It seems tantalizing how close the data brokers are to the big prize. If they could improve the quality of the data, they would have the potential to increase the value to marketers by orders of magnitude. The ability to gather and leverage detailed and accurate information about current and potential customers would allow marketers to better tailor specific advertisements and offers to consumers, target customers for targeted offers, and reduce offers to disinterested customers. As an example, if a company knew a person moved from Florida to Connecticut in September, they might offer the individual cold weather related products. In today’s fast-paced competitive marketplace, micro-marketing and micro-segmentation at the consumer level can provide a competitive advantage, and more accurate data would allow companies to fully utilize this marketing tool, rather than settling for a “better than nothing” improvement or a “spray and pray” mass-marketing approach. While the current quality from these data brokers allows for some directional insights, particularly as the sample size increases, the inaccuracies inhibit the ability to accurately target at the base consumer/household level, forcing continued reliance on less precise consumer segments and categories.
So what can users of Data Brokerage products do while the data quality remains suspect?

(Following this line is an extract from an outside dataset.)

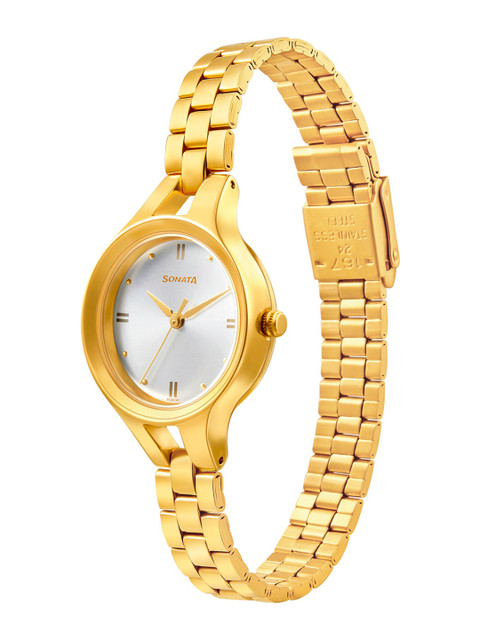 Buy Sonata Gold Edit Quartz Analog With Silver Dial Watch For Women Nt8176ym01 - - Accessories for Women - Image 3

Some have referred to Big Data as defined by the three V’s – Volume, Velocity and Variety. We propose a fourth V – for Value – be added to the discussion. Marketers and analysts can have a large variety of data that updates frequently available to them for marketing analytics but having solely those three original V factors will not lead to informative insights and bottom line improvements if the data itself is suspect. Without Value, data brokers or collectors are merely selling directionally correct consumer segment data. We suggest a framework for customers of data brokers to consider when attempting to establish the value of consumer data.

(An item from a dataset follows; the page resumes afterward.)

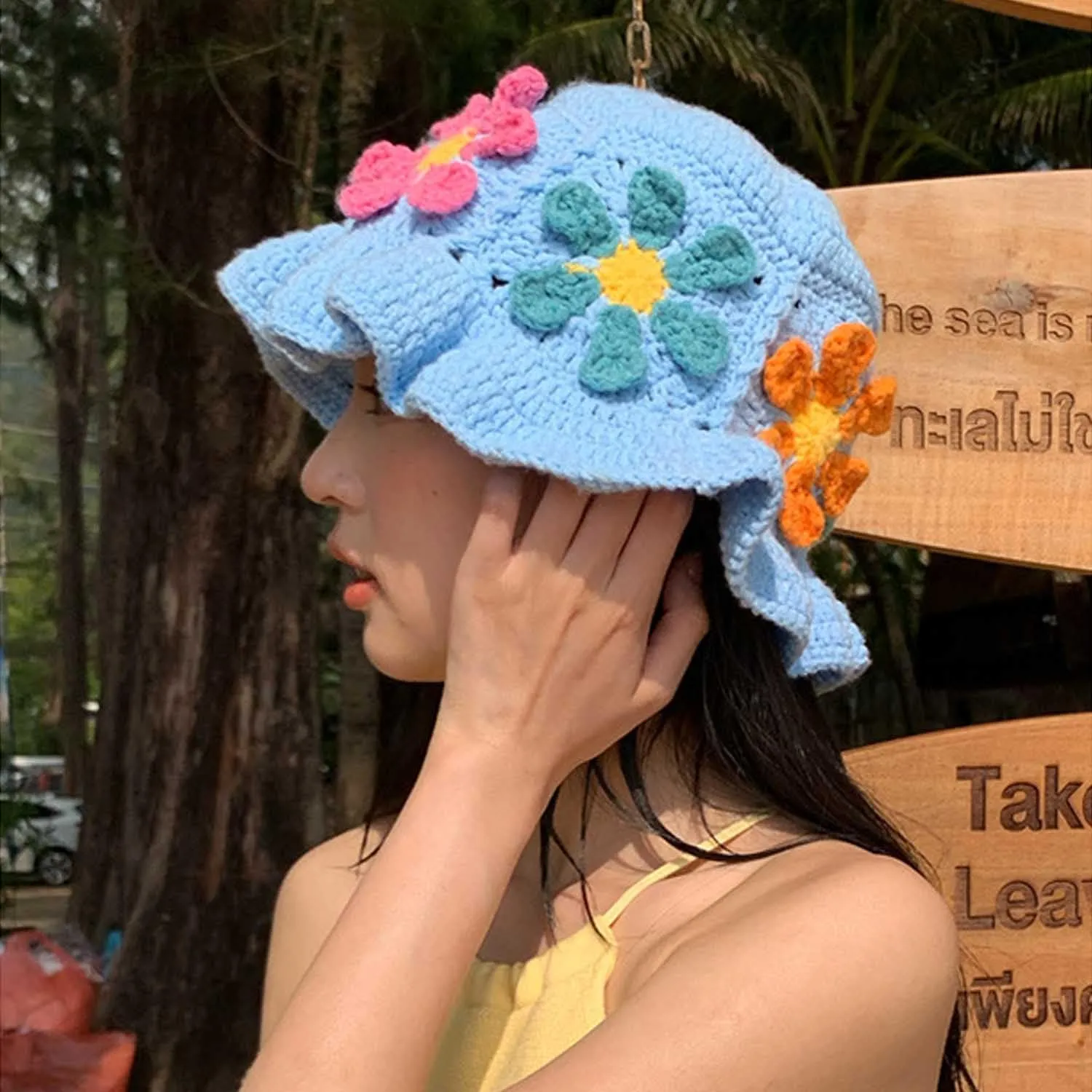 Crochet Bucket Hat for Women Flower Knit Hat Hollow Out Foldable Cap Hats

1. Know the sources - Don’t blindly accept data. Without a thorough understanding of the origin of data and any subsequent transformations to the data it is impossible to understand the data’s true validity. Intimate knowledge of the source of the data will help to highlight potential issues and limitations within the data. How was the data collected? How much external validation has been performed on the data? At what level is the data collected? When was the data collected and how often is it updated? We have seen that data available from brokers is not guaranteed to be current. The data in question may have been updated last week, last month or last year. Our experience found that the data was not reflective of more recent life changes—marriages, home purchases/sales, car purchases/sales, births of children or degrees. These are important life events that should be on any marketer’s radar. If data for such life events is not accurate, marketers will not have a complete picture of their customers.

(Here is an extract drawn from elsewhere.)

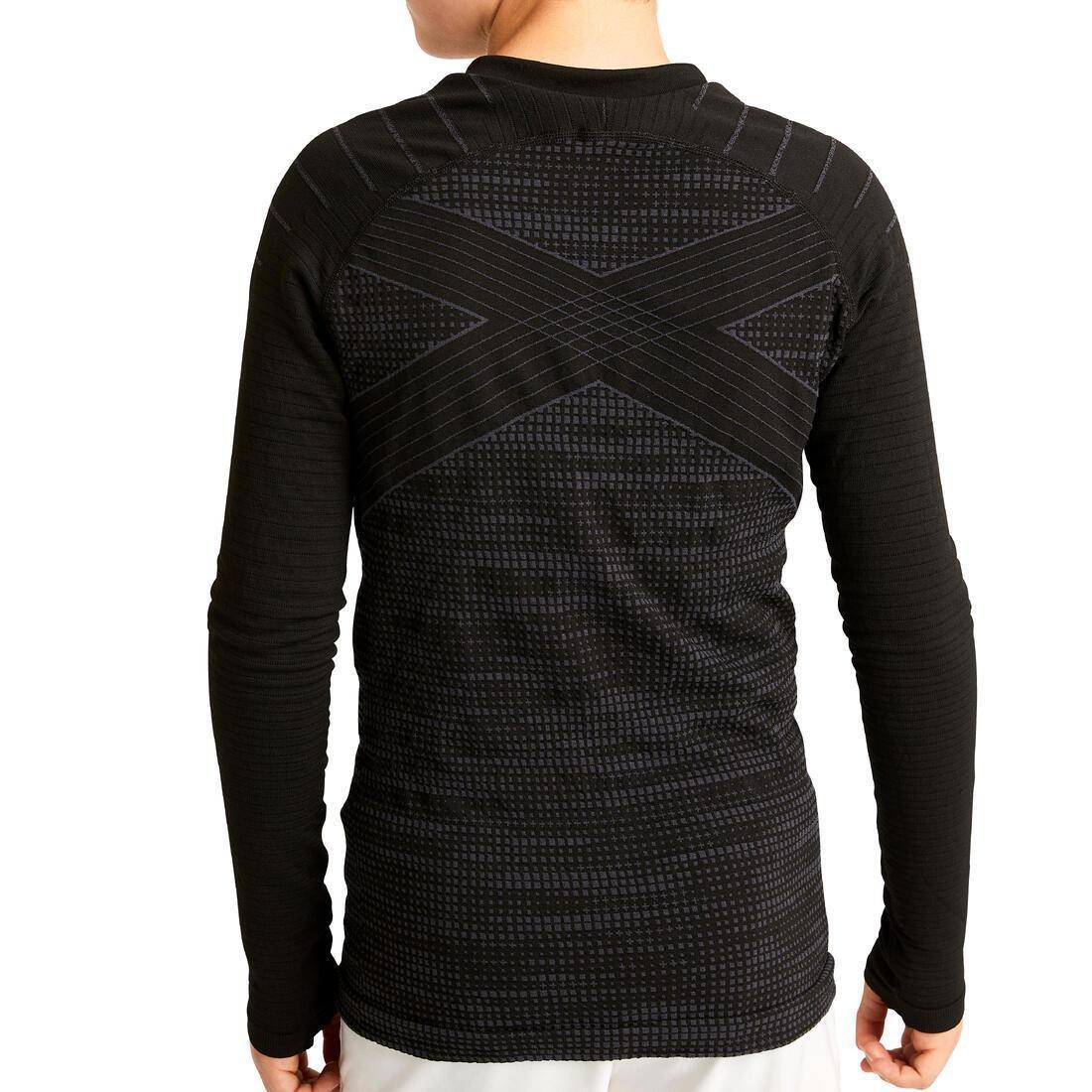 BLACK Kids' Long-Sleeved Thermal Base Layer Top Keepdry 500 - Black, , large image number 7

2. Explore the data - Exploratory data analysis is a key component of properly understanding and utilizing a dataset in any business context. Beyond the documentation, create histograms, look at correlations or heat-maps, and visualize values and basic statistics. There is no substitute for digging into a dataset with both hands to truly understand the details, and external datasets are no exception. Keep in mind that if there are inaccuracies in the data, additional exploratory analysis may be necessary. It is easy to be intimidated by thousands of columns and potentially huge numbers of records, but beyond knowing the sources, one has to get their hands dirty to start to comprehend any new data source.
3. Be practical - The famous statistician George Box said, “All models are wrong, but some are useful.” Analysis in the real world often means employing a model that predicts well, despite the fact that it may not be theoretically perfect. Is a complex model required, or can a simpler model arrive at the same answer in a fraction of the time? As data sets become bigger, a simpler model which performs nearly as well might become the optimal choice.
4. Be rational - Real-world data analysis does not occur in a vacuum. We use data to inform business problems. Despite innovations in data and analytics, experience still matters. Marketing departments should know the intricacies of the consumer base—data should supplement this understanding. If the data is suggesting something that appears completely counterintuitive it may be due to data quality. Be critical. Gather more data, conduct data quality checks, and supplement quantitative data with qualitative experiences. We are not advising anyone to fully react to the data, or simply ignore it; we are advocating the conscious consumption of data and the insights it provides.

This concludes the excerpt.